Сверхъестественники полагают, что разрешили это, как и все другие разногласия относительно основания нравственности, отыскивая это основание в божественной воле, определяемой бесконечным разумом, но по этой самой причине непостижимой для конечного разума и известной человеку лишь через откровение. Однако, кроме того, приверженцы этого мнения вынуждены допускать либо непосредственное божественное вдохновение, делающее эту непостижимую волю известной людям, либо непогрешимых толкователей смысла священных документов, и обеспечивать подлинность того и другого непрерывными чудесами, дабы оградить их от всякого подозрения в обмане и ошибке. Поэтому они столь же мало едины между собой, как и любая другая партия. Определяется ли человеческая воля разумом, или инстинктом удовольствия, или непосредственным влиянием божества, чтобы подчиниться ему; или, что не менее важно, где находится внутреннее основание морального обязательства?
Я умолчу здесь об идее свободы воли, которая тесно с этим связана! Я не стану упоминать здесь о том, что она более чем когда-либо отрицается фаталистами, подвергается сомнению догматическими скептиками, неверно оценивается детерминистами и ищется вне природы сторонниками сверхъестественного.
Недостаточность всех прежних исследований этой важной идеи настолько поразила некоторых из наших самых выдающихся философских писателей, что они без колебаний заявили: вопрос о том, в чем состоит свобода, а следовательно, и вопрос о том, может ли она быть вообще помыслена, не имеет ответа, а потому совершенно безразличен для морали.

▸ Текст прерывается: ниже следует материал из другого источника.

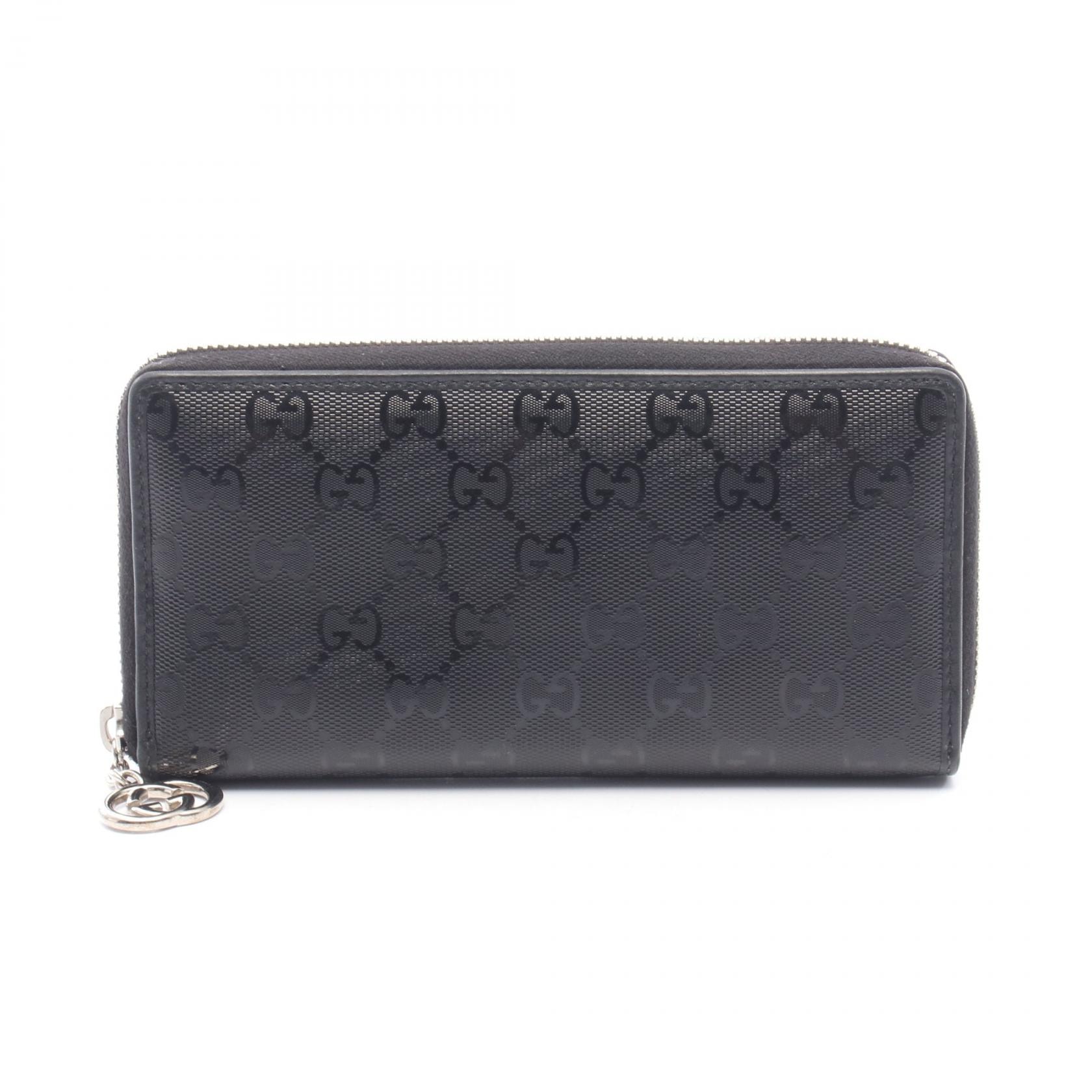 グッチ GUCCI GGインプリメ ラウンド長財布 財布 PVCコーティングキャンバス レザー レディース ブラック系 307982 【中古】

Потрясение научного фундамента нравственности, столь заметное во всех этих явлениях, состоит, в сущности, в колебании всех прежних представлений о разуме, побуждении к удовольствию и их отношении друг к другу. И это со всей очевидностью демонстрирует всё еще далеко не завершенную всеобщую разработку понятий о разуме и чувственности, о самодеятельной силе первого и побуждении, основанном на потребности второй, – определяющем и определяемом в морали; разработку, которая возможна лишь через науку о человеческом познании и учение, возведенное к общему принципу. Поэтому это потрясение должно – к великому ущербу для нравственной культуры – либо длиться вечно, либо привести к открытию и признанию этой новой науки.